# ABOUT THIS EXERCISE
Below are some records; quote exactly the lines from the one that contains "Anthropologie White Embroidered" through the one that contains "red neon light in the shape of a heart", inclusive, and no others.

○ ○ ○ ○ ○

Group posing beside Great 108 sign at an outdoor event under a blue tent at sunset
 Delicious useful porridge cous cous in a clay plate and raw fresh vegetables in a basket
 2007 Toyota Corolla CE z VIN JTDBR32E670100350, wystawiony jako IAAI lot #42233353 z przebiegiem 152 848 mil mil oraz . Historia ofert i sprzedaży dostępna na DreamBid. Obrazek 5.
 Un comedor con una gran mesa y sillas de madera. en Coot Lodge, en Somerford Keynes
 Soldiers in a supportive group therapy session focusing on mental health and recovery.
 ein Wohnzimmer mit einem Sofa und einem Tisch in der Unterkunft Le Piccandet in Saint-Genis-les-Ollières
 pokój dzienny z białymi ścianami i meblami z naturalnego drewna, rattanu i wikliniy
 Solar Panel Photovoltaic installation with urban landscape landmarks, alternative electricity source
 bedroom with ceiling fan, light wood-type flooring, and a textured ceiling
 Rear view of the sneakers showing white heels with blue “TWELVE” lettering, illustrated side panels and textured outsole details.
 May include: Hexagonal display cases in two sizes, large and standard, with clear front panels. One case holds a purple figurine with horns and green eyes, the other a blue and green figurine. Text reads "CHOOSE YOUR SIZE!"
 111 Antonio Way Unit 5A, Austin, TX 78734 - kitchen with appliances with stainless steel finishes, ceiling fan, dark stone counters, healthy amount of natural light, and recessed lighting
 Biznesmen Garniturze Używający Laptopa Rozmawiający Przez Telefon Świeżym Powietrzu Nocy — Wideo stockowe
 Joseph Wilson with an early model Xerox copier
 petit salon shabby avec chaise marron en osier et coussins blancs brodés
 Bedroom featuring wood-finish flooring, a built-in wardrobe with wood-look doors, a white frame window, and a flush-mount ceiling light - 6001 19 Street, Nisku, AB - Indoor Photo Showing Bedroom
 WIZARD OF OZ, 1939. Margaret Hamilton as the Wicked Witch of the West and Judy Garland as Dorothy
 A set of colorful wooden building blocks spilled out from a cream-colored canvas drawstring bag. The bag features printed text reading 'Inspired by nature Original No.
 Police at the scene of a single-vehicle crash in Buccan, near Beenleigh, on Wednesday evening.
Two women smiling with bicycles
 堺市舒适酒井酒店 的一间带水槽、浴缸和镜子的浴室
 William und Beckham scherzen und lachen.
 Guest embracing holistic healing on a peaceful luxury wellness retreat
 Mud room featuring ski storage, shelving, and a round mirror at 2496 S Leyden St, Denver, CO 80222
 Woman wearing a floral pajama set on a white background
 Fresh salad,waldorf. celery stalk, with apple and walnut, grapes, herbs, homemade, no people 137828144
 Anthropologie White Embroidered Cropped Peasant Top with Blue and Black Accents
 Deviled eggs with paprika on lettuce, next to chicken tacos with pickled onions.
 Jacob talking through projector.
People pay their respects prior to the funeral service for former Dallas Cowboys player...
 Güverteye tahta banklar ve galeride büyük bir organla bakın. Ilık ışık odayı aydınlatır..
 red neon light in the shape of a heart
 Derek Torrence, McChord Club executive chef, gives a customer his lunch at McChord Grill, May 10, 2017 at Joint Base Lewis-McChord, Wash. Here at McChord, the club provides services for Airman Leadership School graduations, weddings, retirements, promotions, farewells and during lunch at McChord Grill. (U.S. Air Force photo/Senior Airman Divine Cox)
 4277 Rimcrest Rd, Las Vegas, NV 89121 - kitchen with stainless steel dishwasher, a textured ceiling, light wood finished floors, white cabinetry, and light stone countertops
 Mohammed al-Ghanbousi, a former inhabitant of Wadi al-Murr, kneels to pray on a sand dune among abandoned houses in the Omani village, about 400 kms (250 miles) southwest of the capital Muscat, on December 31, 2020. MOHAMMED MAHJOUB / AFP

○ ○ ○ ○ ○

# EXERCISE RESPONSE
 Anthropologie White Embroidered Cropped Peasant Top with Blue and Black Accents
 Deviled eggs with paprika on lettuce, next to chicken tacos with pickled onions.
 Jacob talking through projector.
People pay their respects prior to the funeral service for former Dallas Cowboys player...
 Güverteye tahta banklar ve galeride büyük bir organla bakın. Ilık ışık odayı aydınlatır..
 red neon light in the shape of a heart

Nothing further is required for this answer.